You should tell them what you see.
I first started thinking about this at my Dad’s funeral three years ago. So many people talked about how he affected their lives and what he meant to them, yet he often considered himself a useless failure. (Once, when I was a kid, I found a piece of paper he’d written “I’m a failure” on over and over until it filled the page, so I’m not exaggerating here). I started thinking about how we often don’t tell each other these things until it is too late.
There have been quite a few posts lately that I’ve seen about telling people you like their art, words, creations, or just that you appreciate their existence. It’s fitting that I’m seeing them on the week that it’s been 3 years since I lost my Dad. Three years since that funeral.
One of those posts was a twitter poll. I answered the joke answer, but ended up replying. I decided, though, that twitter really isn’t the best place to write about it. Because it would be a long, broken up thread. So, I am writing here instead. Not to anyone in particular. To everyone.

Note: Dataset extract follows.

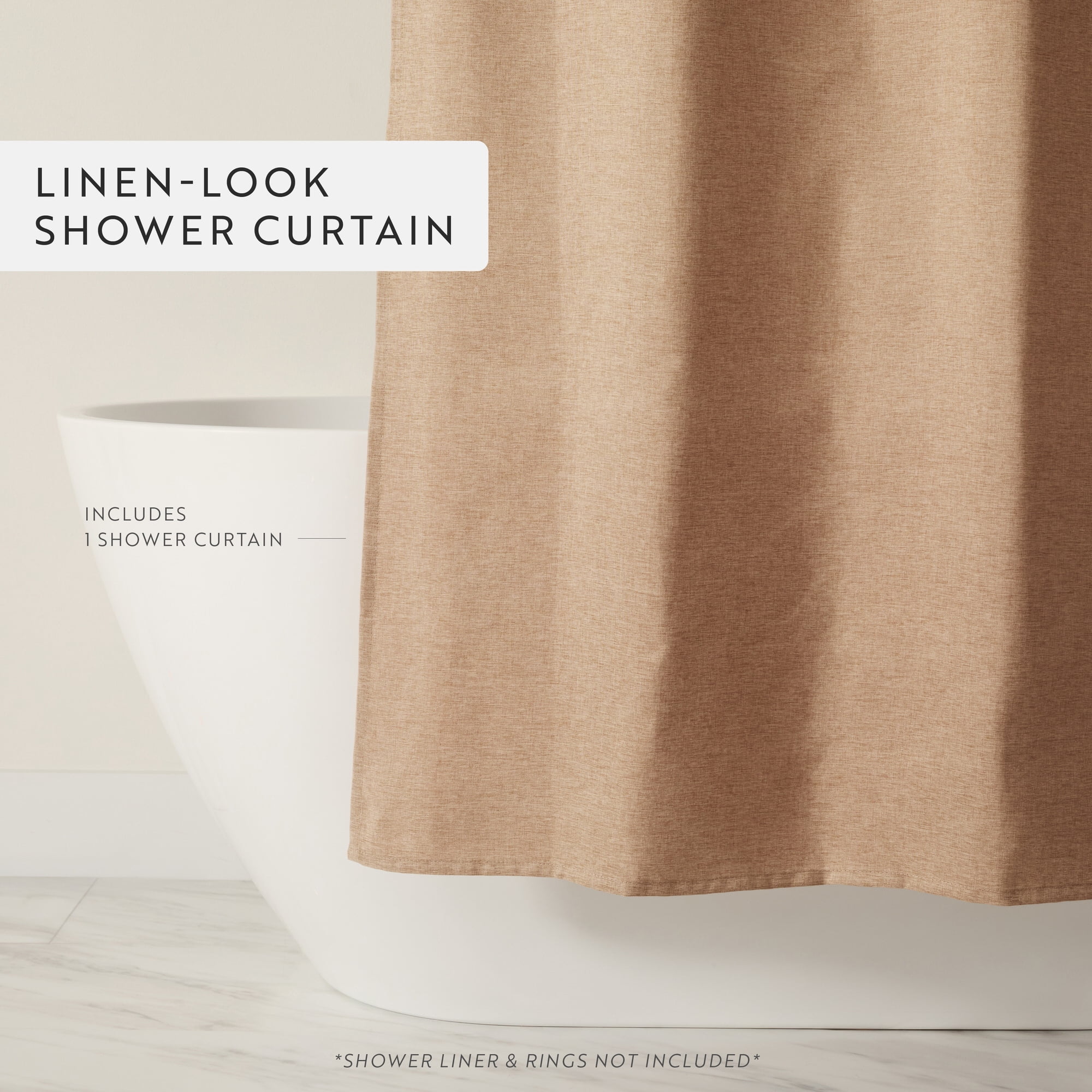 Linen-Look Polyester Shower Curtain in Essential Colors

I don’t @ people online often. Even when I’m mentioning how much I enjoy what they created. I have a list of reasons why, mostly based in anxiety (which is based in fear, which I’ve always called my (and the world’s) greatest enemy). It always felt like a cry for attention when it was really just me trying to tell someone I enjoyed what they created. (And as with all things, I’m always afraid I’ll be misunderstood or leave a typo). The recent posts have made me realize that it’s all silly excuses and I should be letting people know that I enjoyed their work.
After my dad’s funeral, I planned to write some letters to people from my past who probably don’t know how much they affected my life. I started two of them. I never finished or sent either one. One is to my art teacher and adviser from college. I have a degree in art. I’ve taken art classes in and out of school since elementary school. He’s the first teacher who allowed me the freedom and support to stop trying to be the artist others wanted me to be, and start being the artist I am. He’s also the first art teacher I had that treated students like artists instead of students. To explain that would be an entire post itself so I’ll leave it there for now. (Maybe I’ll write that post later).
Another thing I said I would do after the funeral was to tell people things I would often (not always, but more often than I should) leave in my head. Simple things. Every day things. I used to do it – tell people. I went through old posts and saw how much I used to interact online, and I know life mirrored that (or it mirrored life?), but it dropped off after a time where grief started crushing me. I lost quite a few people and pets in a row, and grief likes to compound. I don’t think I realized quite how much it changed me until now. I retreated from life. But I needed that retreat at the time. I don’t need it anymore.
So, that is my new goal for this year. To mention the good, the beauty, the worth, the awesomeness. The world may suck and seem like it’s falling apart, but we are all stuck here together. And maybe I can make someone’s day a little brighter. Or maybe I can help someone see themselves from another perspective. Even if it’s only for a fleeting second. If the past three years have taught me anything, it’s that we can all use more seconds of happiness or light.